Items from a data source
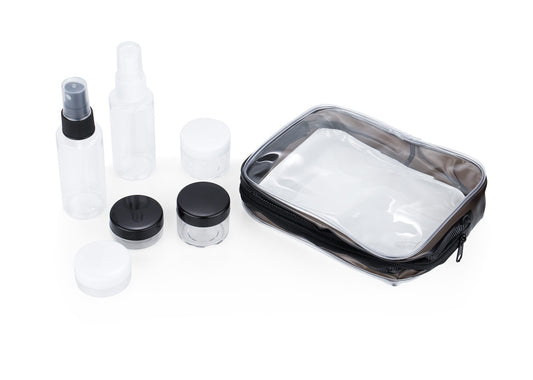 SA0321 Kit de Viaje Fabulous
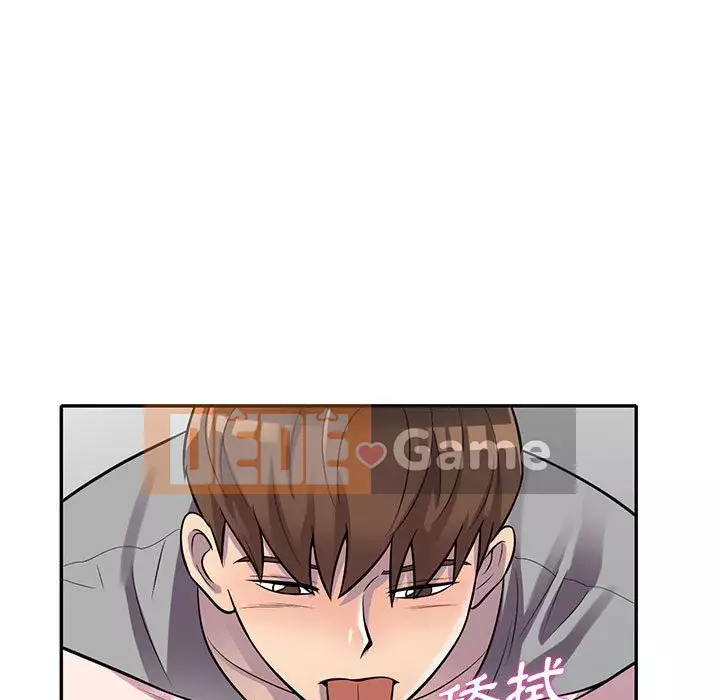 Người thuê nhà ở tầng dưới bồn chồn Chương 12-13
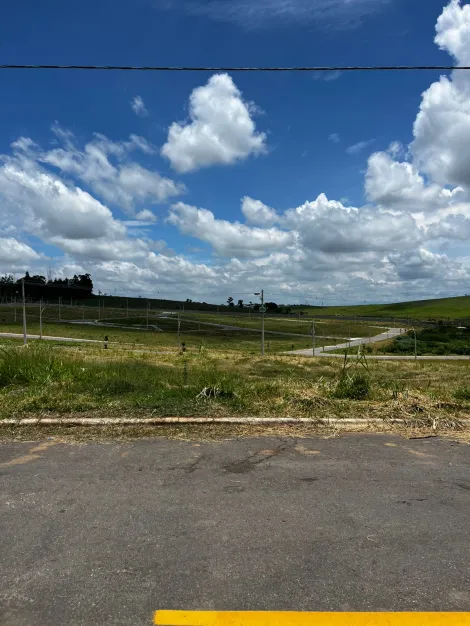 imagem 2 - Terreno à Venda no Borda do Lago em Caçapava/SP imagem 2 - Terreno à Venda no Borda do Lago em Caçapava/SP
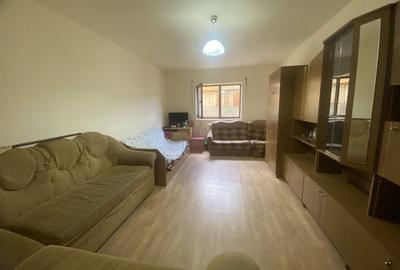 Casa individuala 5 camere si 500mp gradina zona Florilor - 5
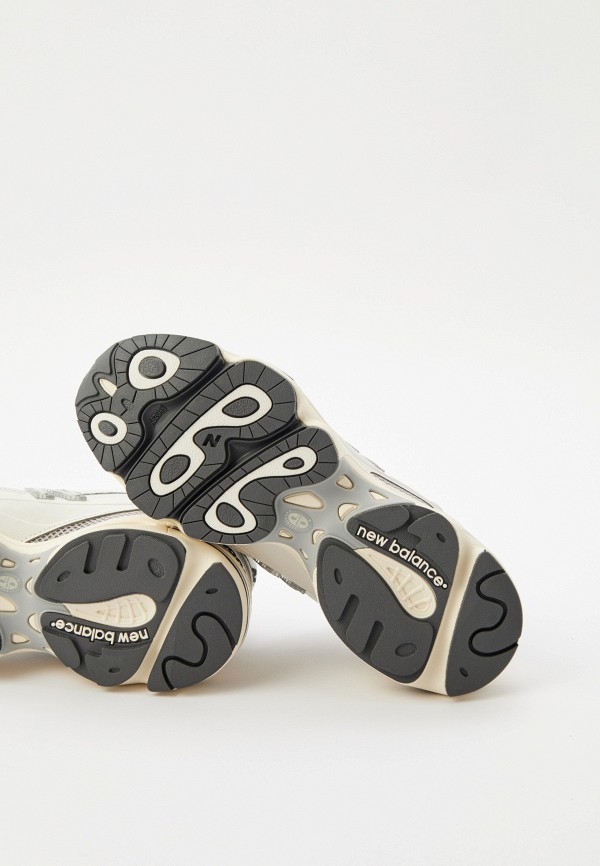 New Balance Кроссовки - 1000 - фото 5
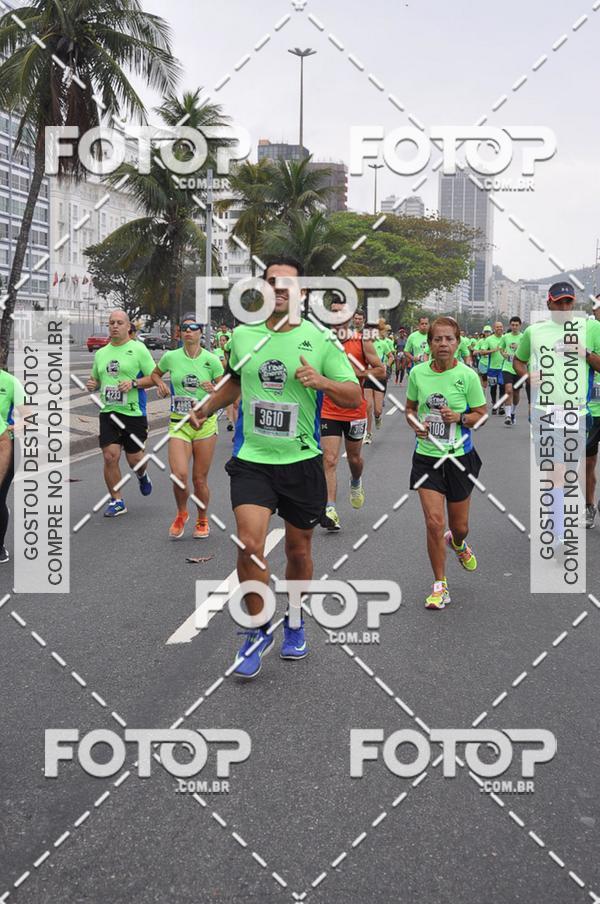 Buy your photos of the eventBimbo Global Energy 2017 - Rio de Janeiro on Fotop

ASSIGNMENT: With the pictures left aside, write out all of the records above exactly.

THE ANSWER:
 SA0321 Kit de Viaje Fabulous
 Người thuê nhà ở tầng dưới bồn chồn Chương 12-13
 imagem 2 - Terreno à Venda no Borda do Lago em Caçapava/SP imagem 2 - Terreno à Venda no Borda do Lago em Caçapava/SP
 Casa individuala 5 camere si 500mp gradina zona Florilor - 5
 New Balance Кроссовки - 1000 - фото 5
 Buy your photos of the eventBimbo Global Energy 2017 - Rio de Janeiro on Fotop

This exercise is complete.